|
Generating MyRubberbandsML
Now we have examined the existing database,
outlined a suitable voice interface for it, and defined our source markup language
and the method for generating it. Now, we are ready to create a stylesheet to convert
it to a VoiceXML form implementing the design we decided on in the previous section
Designing A Voice Interface. This stylesheet, myrubberbands2vxml.xsl, is quite lengthy,
and can be found in its entirety in the code download. Here, I shall pick out just
the important points in the code for discussion; including the dynamic generation
of grammars, some VoiceXML features worthy of particular attention, and fundamental
XSL concepts used.
VoiceXML Stylesheet
Note that the stylesheet is designed to produce
a single VoiceXML document containing just one user's data.
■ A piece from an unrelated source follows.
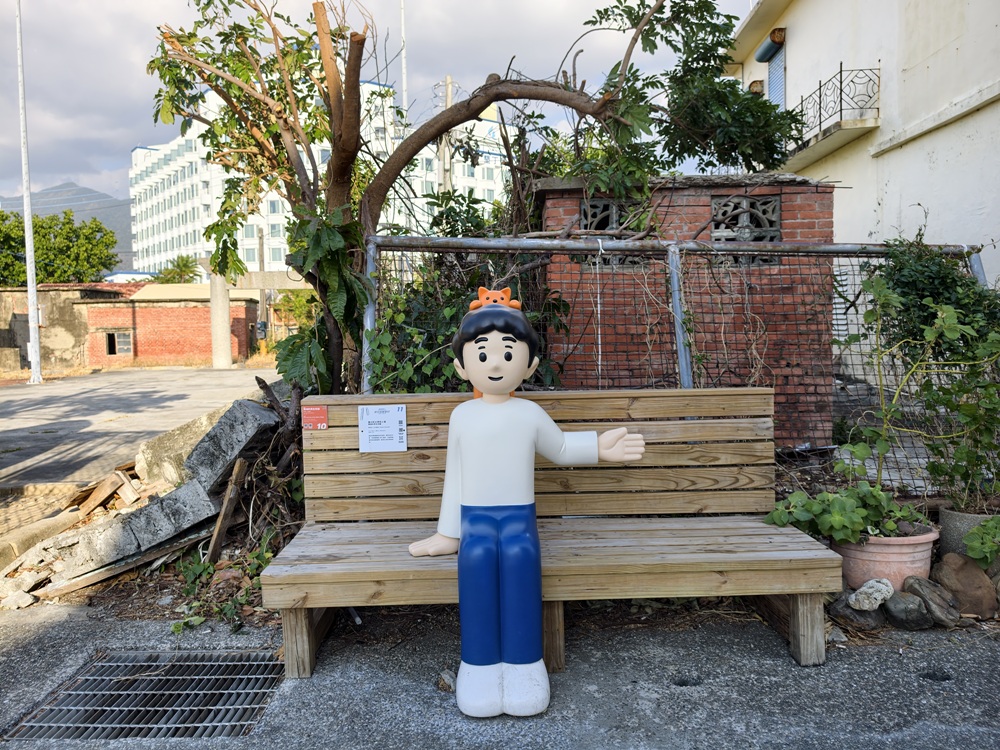 2025落山風藝術季 看海美術館、港灣展區、沙灘展區、村落展區！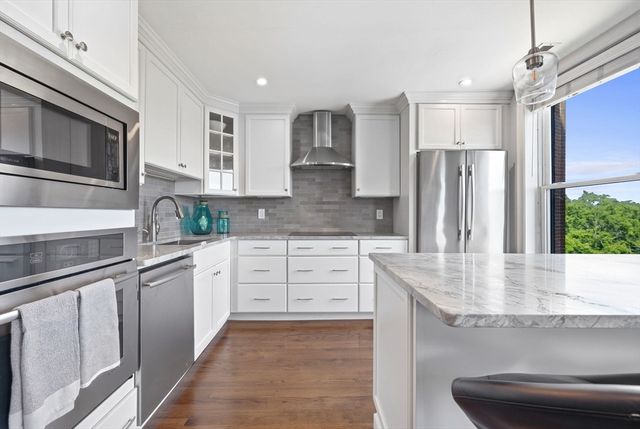 23 Bay State Road 4, Boston, MA 02215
So, its top-level template
only matches documents where the top-level attribute export_type is set to single.
The indent attribute on the <xsl:output> tag will produce a well-formatted
result document that will be easier for a human brain to examine.
<?xml version = "1.0"?>
<xsl:stylesheet xmlns:xsl="http://www.w3.org/1999/XSL/Transform"
version="1.0">
<xsl:output method="xml" encoding="ISO-8859-1" indent="yes"/>
<xsl:template match="myrubberbands[@export_type='single']/customer_record">
<vxml version="1.0">
<meta name="author" content="Underpaid Myrubberbands Engineer"/>
<meta name="copyright" content="Copyright (C) 2001 Myrubberbands.com"/>
|
The next block illustrates one way XSL can generate elements with an attribute having
dynamic content: the <xsl:element> construct.
<xsl:element name="meta">
<xsl:attribute name="name">description</xsl:attribute>
<xsl:attribute name="content">Voice Interface for #<xsl:value-of
select="customer/@id"/>
</xsl:attribute>
</xsl:element>
|
We will need to set up some variables for use in the VoiceXML
document. First off, we grab the user's Automatic Number Identification (ANI) and
Dialed Number Identification Service (DNIS) for later use. These correspond to the
phone number that originated the call (analogous, but not identical to, the consumer
caller ID service) and the number that the user dialed. The implementation of these
is system dependent, and the data may not be available for all calls in any case.
They are included here mainly for illustration. In a real application, the ANI can
be used for auto-identification of the user.
The form_pointer variable will be used for navigation later.
<var name="customer_ani" expr="session.telephone.ani"/>
<var name="customer_dnis" expr="session.telephone.dnis"/>
<var name="session_error_count" expr="0"/>
<var name="form_pointer" expr="'mainMenu'"/>
<var name="user_command" expr="''"/>
|
Next come the form level help dialogs, which here attempt to mimic typical responses
likely from a real life call center, contrary to the advice of Chapter 6:
<help count="1">
What seems to be the trouble?
<reprompt/>
</help>
<help count="2">
Come on - isn't this easy enough to understand?
<reprompt/>
</help>
<help count="3">
Hey <xsl:value-of select="customer/firstname"/>, are
you stupid or something?
<reprompt/>
</help>
|
The design specifies that the main menu command is always available. We can implement
that with a global VoiceXML <link> element:
<link next="#mainMenu">
<grammar type="application/x-jsgf"> main menu </grammar>
</link>
|
Again, we use the information from the XML file to customize
the prompts for the user. This form welcomeMessage corresponds to the "welcome
message" box in the interface design diagram earlier.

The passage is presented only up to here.